Plaintiff claims that, in furtherance of the conspiracy, defendants: (1) copied and destroyed confidential trade secrets and other information through unauthorized use of plaintiff's computers, including evidence of a $150,000 loan from Randy Feinberg to Eckelmeyer and other evidence of the alleged conspiracy (id. ¶¶ 29, 36, 38, 40-41, 44-46); (2) concealed from plaintiff an "accountant's introduction" to financial information concerning the Feinberg brothers' partnership interests (id. ¶ 30); (3) convinced plaintiff that taxes had been paid on two properties Randy Feinberg was transferring to him (id. ¶ 33); and (4) read a privileged communication between plaintiff and his lawyers regarding the tax and indemnity treatment of the two properties (id. ¶ 34).

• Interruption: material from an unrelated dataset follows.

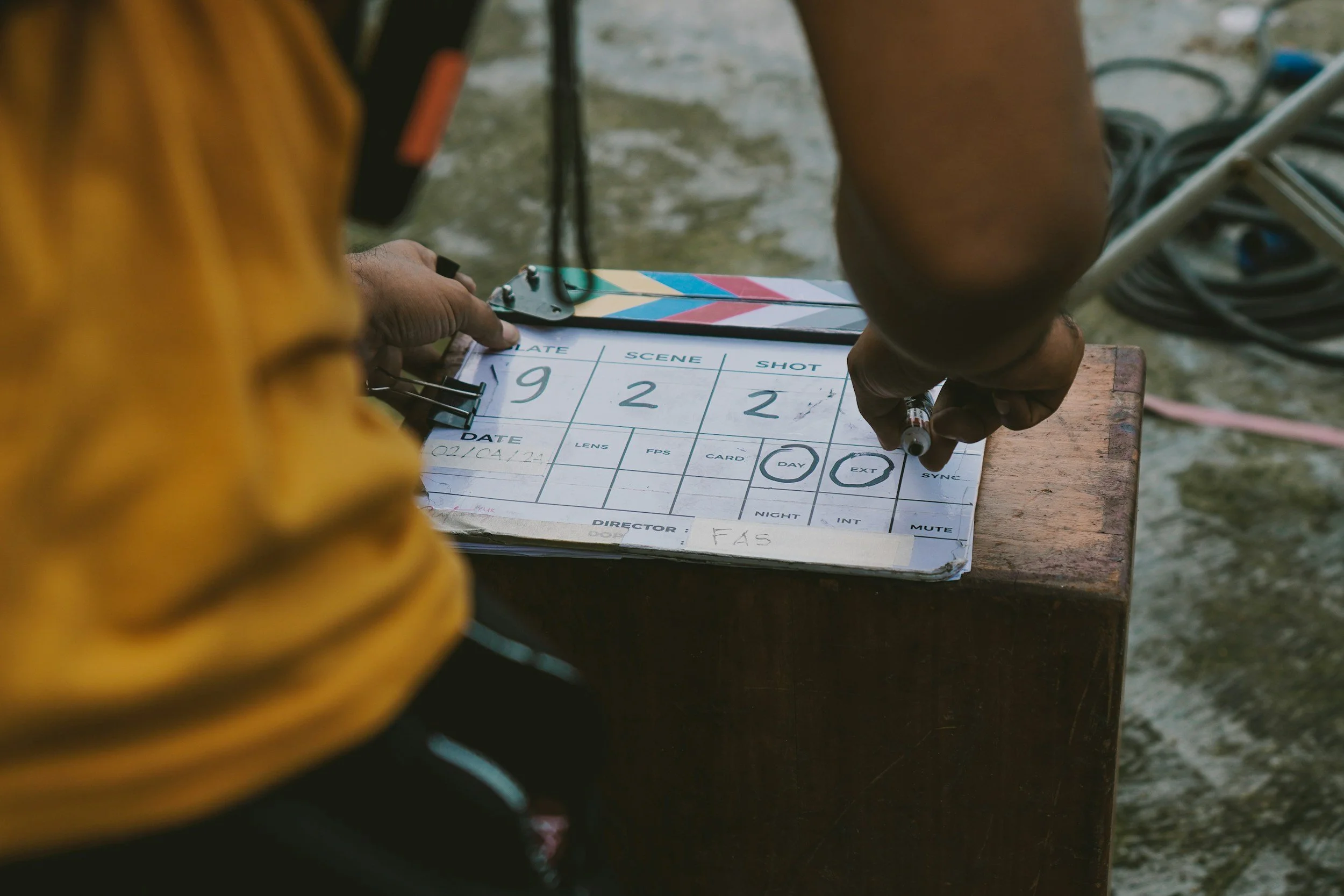 A person with a yellow shirt handles a clapperboard on a wooden surface near a beach, with coiled cables and equipment visible in the background.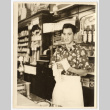 Man working behind a counter (ddr-densho-542-802)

E. The Separation Agreement

Defendants attached to their motion a copy of the Separation Agreement that plaintiff references throughout his complaint. (Defendants' Memorandum of Law in Support of Their Joint Motion to Dismiss Complaint ("Defs.' Mem.") Ex. B.)

The Separation Agreement defines its "Effective Date" as "the 30th day of June, 2008" and states that "[t]he closing for all transactions under this Agreement (the 'Closing') shall be held on October 27, 2008, and be effective as of June 30, 2008." (Id. at 3.) The Separation Agreement describes actions the Feinberg brothers agreed to take "[b]etween the Effective Date of this Agreement and the date of Closing" including execution and delivery of stock powers, resignation forms, resolutions, dissolution documents, and withdrawal and indemnification agreements. (Id. at 9-10.) The Separation Agreement contains exhibits in which Randy Feinberg agreed, effective June 30, 2008, to sell "all of his shares of capital stock of Feinberg and Feinberg Administration, Inc., a Pennsylvania corporation ("F&F"), representing a 50% ownership interest" and to resign as an employee of F&F. (Id. at internal exhibits F and H.) The Separation Agreement states that the sale would take place "[a]t the Closing." (Id. at 5.)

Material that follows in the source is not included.